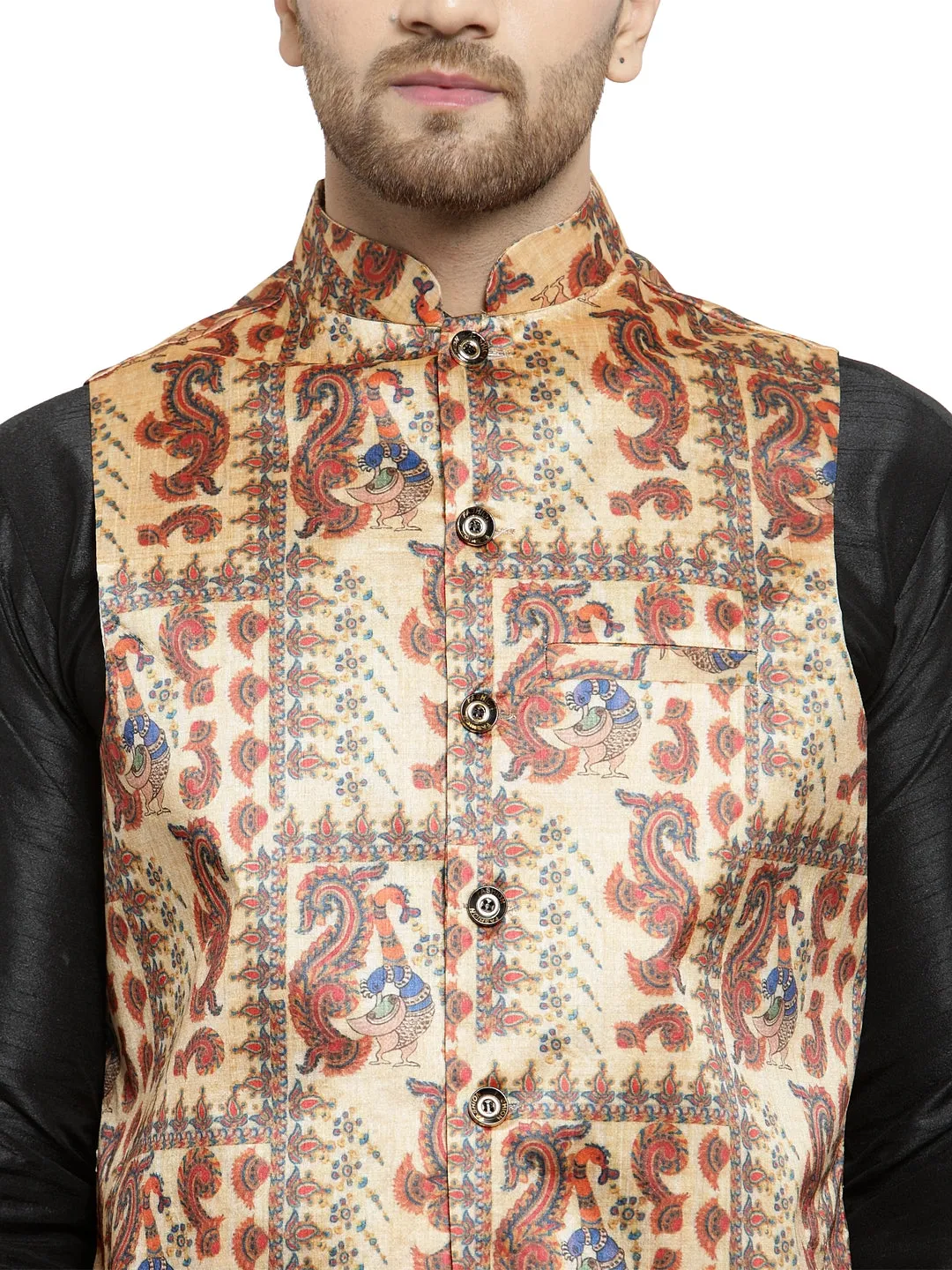 Men's Silk Blend Black Kurta With Pyjama & Beige Printed Nehru Jacket - Benstoke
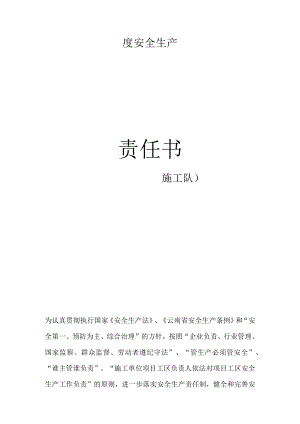施工队负责人责任书.docx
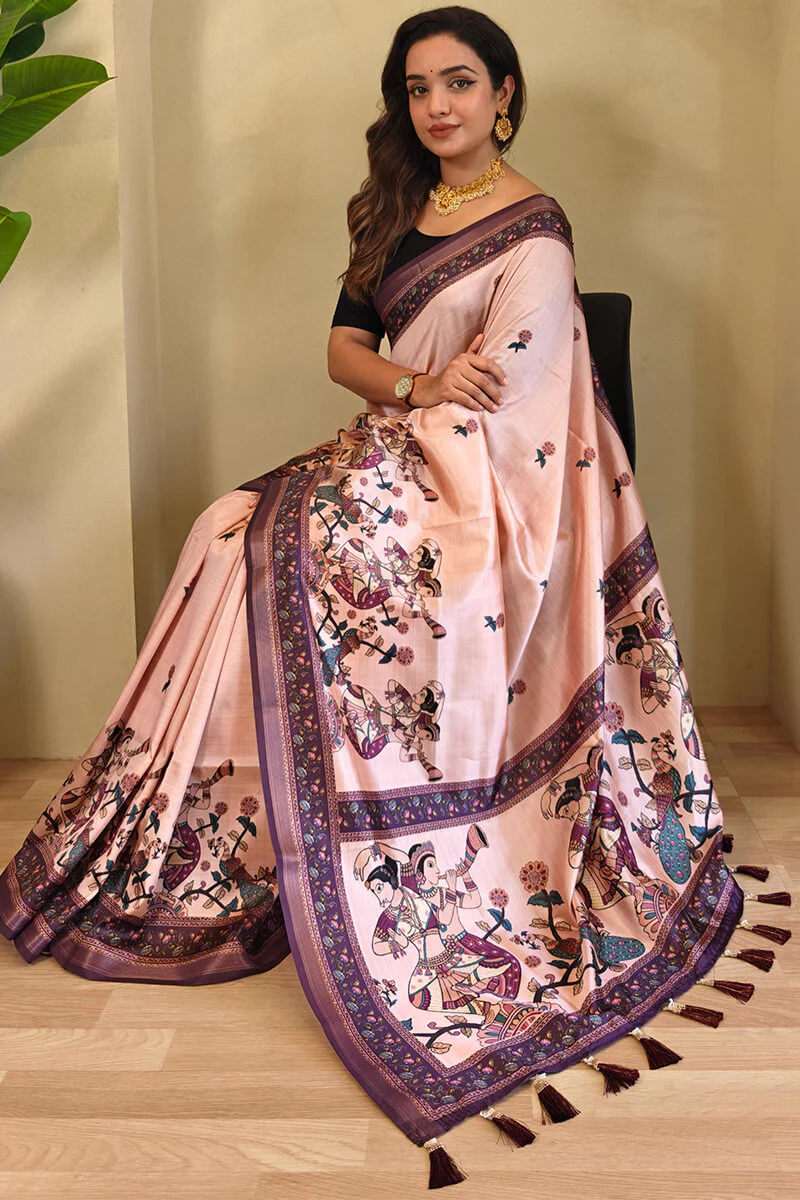 Sizzling Pink Kalamkari Printed Viscose Dola Silk Saree With Pretty Blouse Piece - Image 2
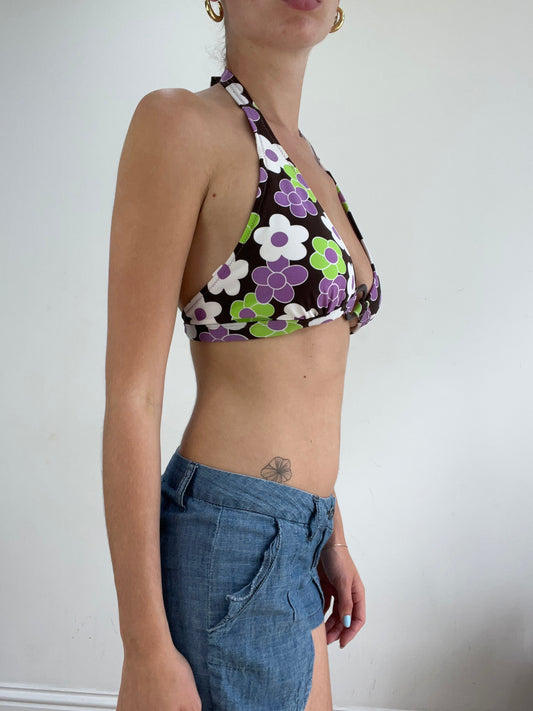 vintage edit twenty eight | medium purple and green bikini set with floral print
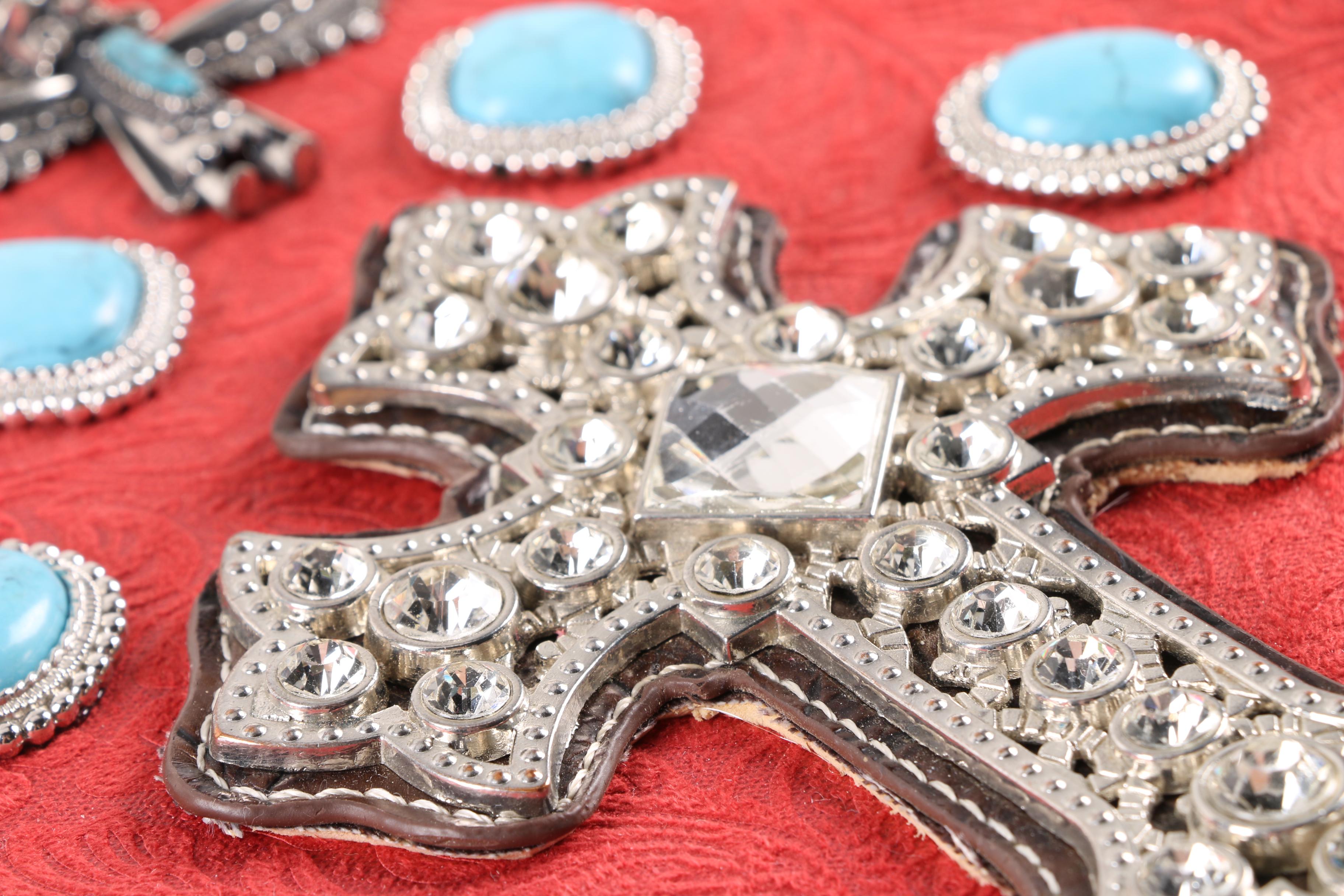 Rhinestone Cross with Faux Turquoise Accents in Frame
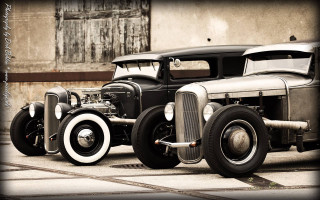 Vintage car parked road building - the side of the road in front free wallpaper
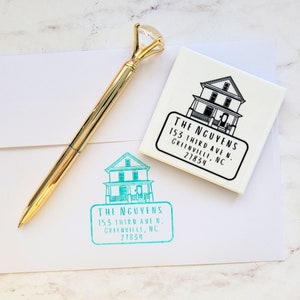 Huisadresstempel (voorgeïnkt), aangepast en gepersonaliseerd cadeau voor nieuw huis, retouradres, thuis, handgemaakt, handgetekend | Zout en papier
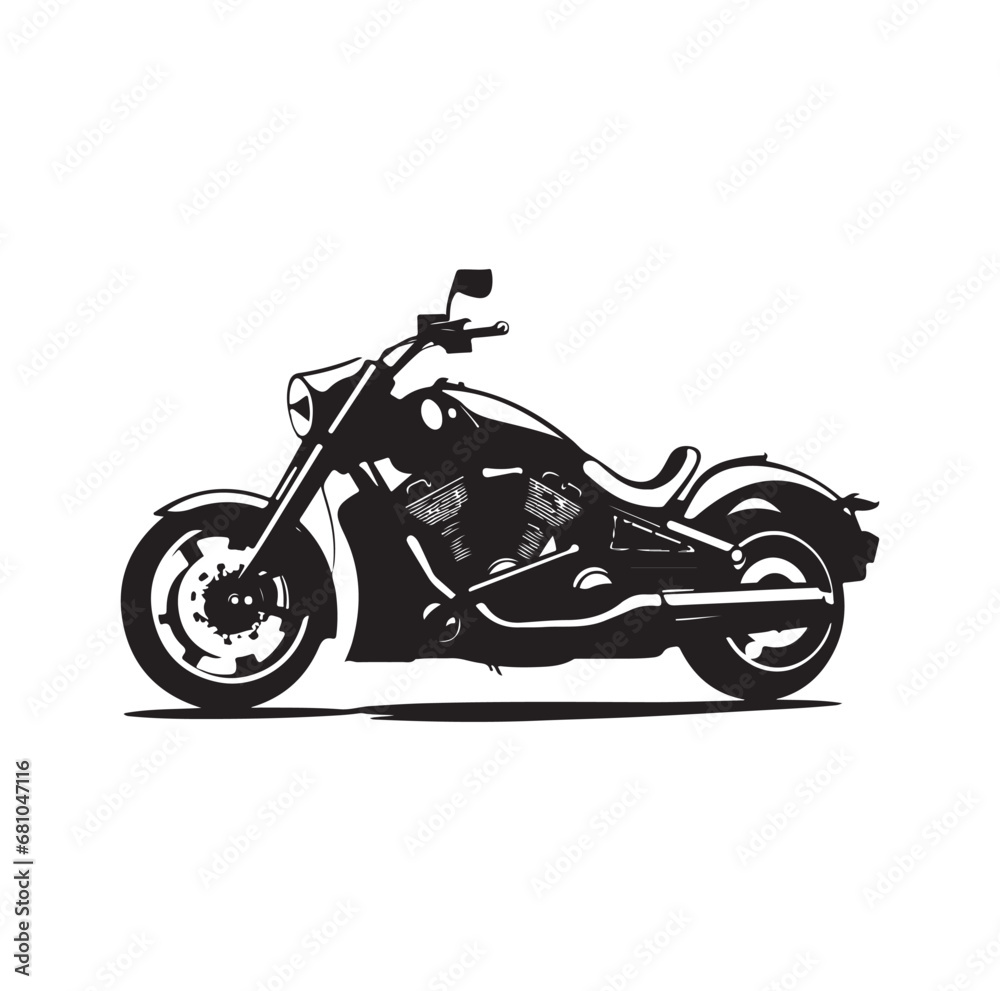 motorcycle sport silhouettes Vector On White Background.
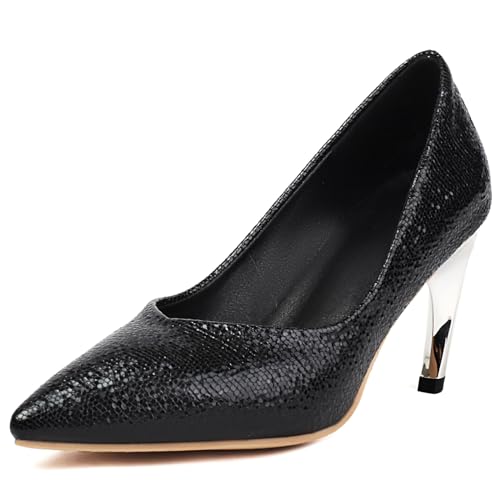 Escarpins Lizoleor effet serpent à talon original et bout pointu pour femme
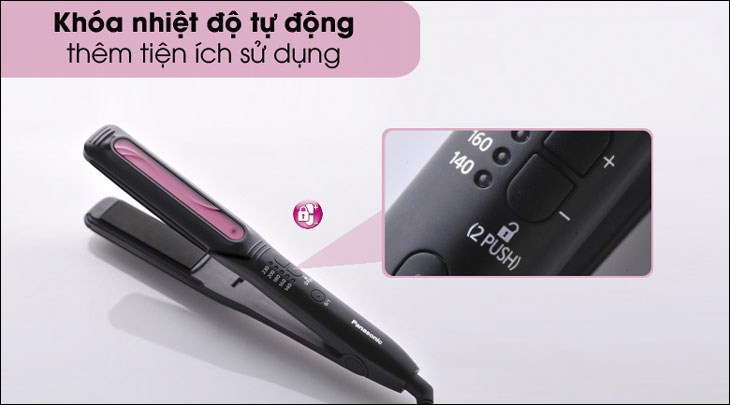 Máy duỗi tóc Panasonic EH-HV52-K645 được tích hợp khóa nhiệt tự động giúp đảm bảo an toàn cho người dùng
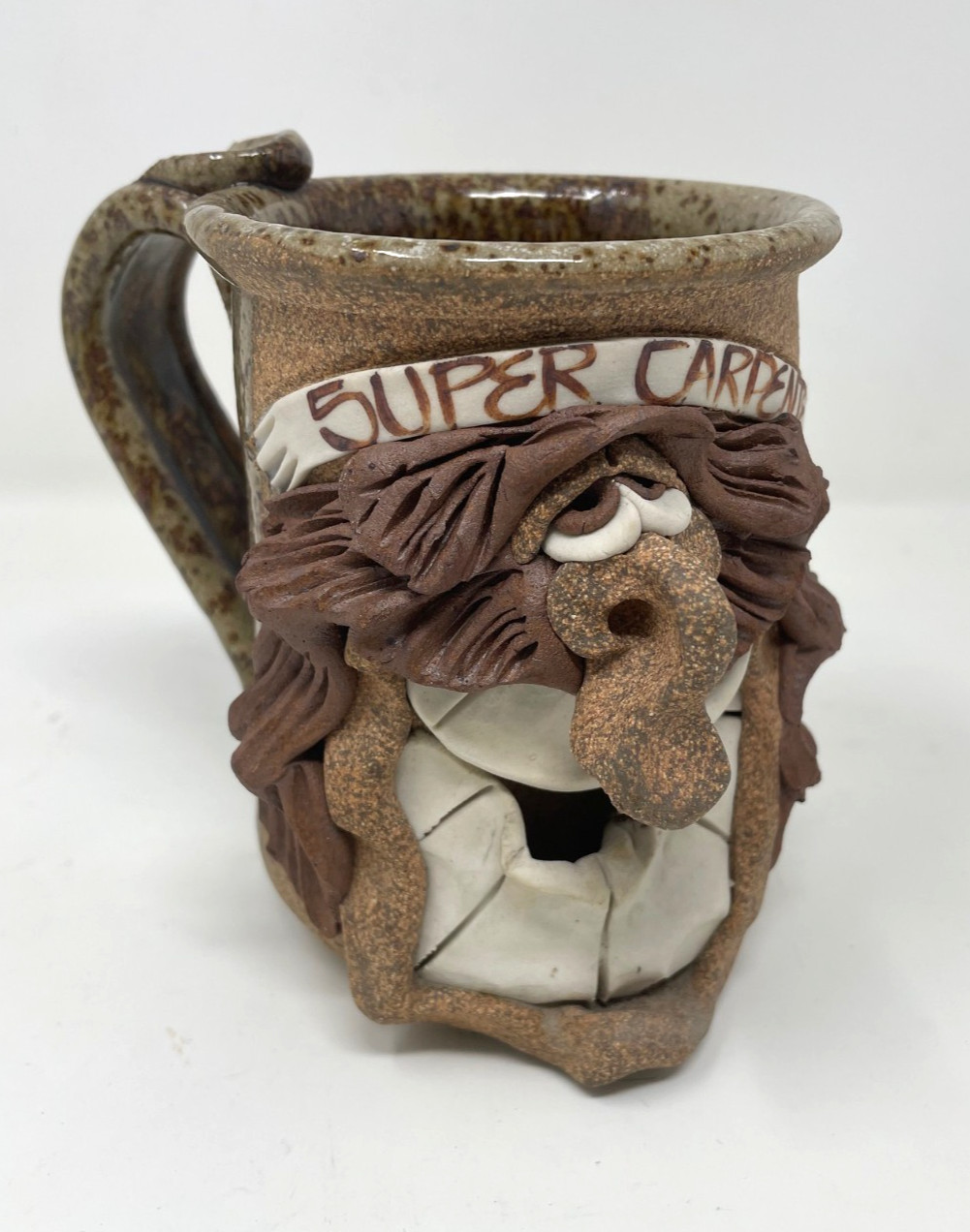Coffee Tea Mug Cup Super Carpenter Vintage 3D Ugly Face Stoneware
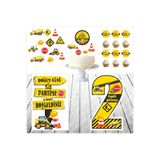abjad İnşaat Doğum Günü Masa Panosu / Pasta Süsü Seti 2 Yaş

-------------------------

With pictures excluded, the lines running from the one containing "Huisadresstempel (voorgeïnkt), aangepast" through the last line of the records above are to be restated exactly and in full.

• [Solved problem]:
 Huisadresstempel (voorgeïnkt), aangepast en gepersonaliseerd cadeau voor nieuw huis, retouradres, thuis, handgemaakt, handgetekend | Zout en papier
 motorcycle sport silhouettes Vector On White Background.
 Escarpins Lizoleor effet serpent à talon original et bout pointu pour femme
 Máy duỗi tóc Panasonic EH-HV52-K645 được tích hợp khóa nhiệt tự động giúp đảm bảo an toàn cho người dùng
Coffee Tea Mug Cup Super Carpenter Vintage 3D Ugly Face Stoneware
abjad İnşaat Doğum Günü Masa Panosu / Pasta Süsü Seti 2 Yaş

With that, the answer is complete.